The wagon train rolled through the meadow in single file, leaving a fragrant swath of crushed summer grasses in its wake. Despite the creaking of wooden wheels and the squeaking of leather harnesses and the muffled thud of hooves, it was a remarkably quiet procession. Most outsiders mistook this economy of sound for stealth, and stoked their prejudices with it. But to the people of the W andering Tribe, it was merely a way of life.

One of the wagons ran over a meadow-dog mound and then lurched as the tunnel collapsed. As fleeting as it was, the disturbance jostled Katya out of an uneasy doze.

“What is it, Raffi?” she asked, as she started awake.

“Nothing, Little Mother,” her driver replied, in that sweet, patient tone that some men take with old women and dogs. “We hit a bump in the road, is all.” He reached into the hamper that occupied the bench-space between them and pulled out a storage-gourd. “Would you like some water?”

“Thank you,” she said, as she took the gourd. “The air is very dry today.”

She drank deeply, then wet a corner of her sleeve and dabbed at her face. That cooled her down, but did little to refresh her. She was still so very tired. And MerryVale was still so very far away—another six days to the south and east. Her bones would hold every mile against her. Her ankles would swell and her backside would go numb. But as hard as the trip promised to be, she never considered not making it. The Wandering Tribe came together only once a year, and that was at MerryVale at midsummer’s eve. And oh, what a eventful gathering it was.
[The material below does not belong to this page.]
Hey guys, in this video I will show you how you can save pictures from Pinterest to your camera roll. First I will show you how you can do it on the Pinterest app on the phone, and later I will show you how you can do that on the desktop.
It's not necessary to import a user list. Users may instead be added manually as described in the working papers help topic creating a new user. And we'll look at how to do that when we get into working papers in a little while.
The dead would be mourned, lovers would be wed, new children would be introduced to the tribe. There would be food, gossip, and drink; music, dance, and games of chance; contests of might and wit and courage. She, The Wandering Queen, would preside over all of these happenings, and yet—

And yet the prospect did not gladden her heart as much as it should. That lack of enthusiasm had nothing to do with being old and tired, although one condition seemed to make the other two worse. She had been as excited as a girl on her way to meet her betrothed up until two days ago. Then, in a summery little clearing much like this one, their caravan had happened upon the darkest of portents. The memory of it was so terrible, her mind’s eye refused to focus on anything beyond the golden blood and flies. And the threat of tears stung her eyes every time she recalled even that. The rest of her family had been traumatized, too.
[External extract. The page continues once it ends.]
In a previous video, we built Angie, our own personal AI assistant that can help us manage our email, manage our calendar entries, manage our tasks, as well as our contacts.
The youngest ones suffered from night frights now. Their elders had a stunned, hollow-eyed look about them. Katya could almost hear them thinking: Who would do such a thing? For what possible reason? As if anyone capable of committing such an atrocity would need something so civilized as a reason. A better question was: What did such an omen mean? And
this morning, at last, she finally felt strong enough to scry out an answer. She drew her pack of fortune cards from a pocket in her skirts and shuffled it until her fingers went numb. Then, concentrating on that memory—golden blood and flies—she flipped over the first card and set it down on her lap.
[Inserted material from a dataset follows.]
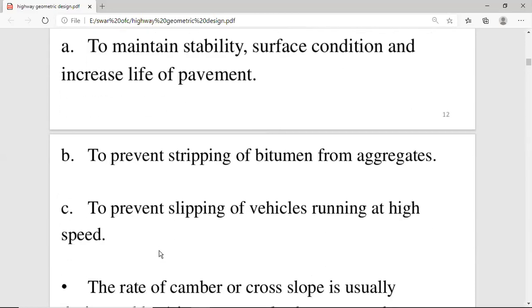Another reason camber is important is to prevent bitumen stripping. Due to continuous contact with water, the bitumen will be stripped from the aggregates. Since the bitumen layer makes the surface impervious, if it strips away, the surface becomes permeable. To prevent stripping, we provide a cross-slope to drain water away. It also prevents slipping of vehicles running at high speed.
The glyph was of a graveyard at night, its headstones gleaming pale white beneath a full, yellow moon. Katya was not surprised that the Cemetery Card had turned up, for it represented death, and death was certainly an element of this mystery. No, what surprised the Queen of the Wandering Tribe was that the card had turned up reversed. In all of her years as a scryer, she had never seen it that way. What could it signify—a death averted? A close call maybe? She dismissed the possibility with a shake of her head. A close call was good luck. A reversed Cemetery Card was not.

Stuck for an interpretation, she flipped the next card. Sometimes, meaning only came in threes.

The card bore the likeness of a swirling, black funnel-cloud on its face. This was Chaos, straight up, a symbol for upheaval. Yet by itself, it was vague as a halfwit’s smile. She set it down alongside the first card, then covered both with a third: the W arrior-K ing, reversed.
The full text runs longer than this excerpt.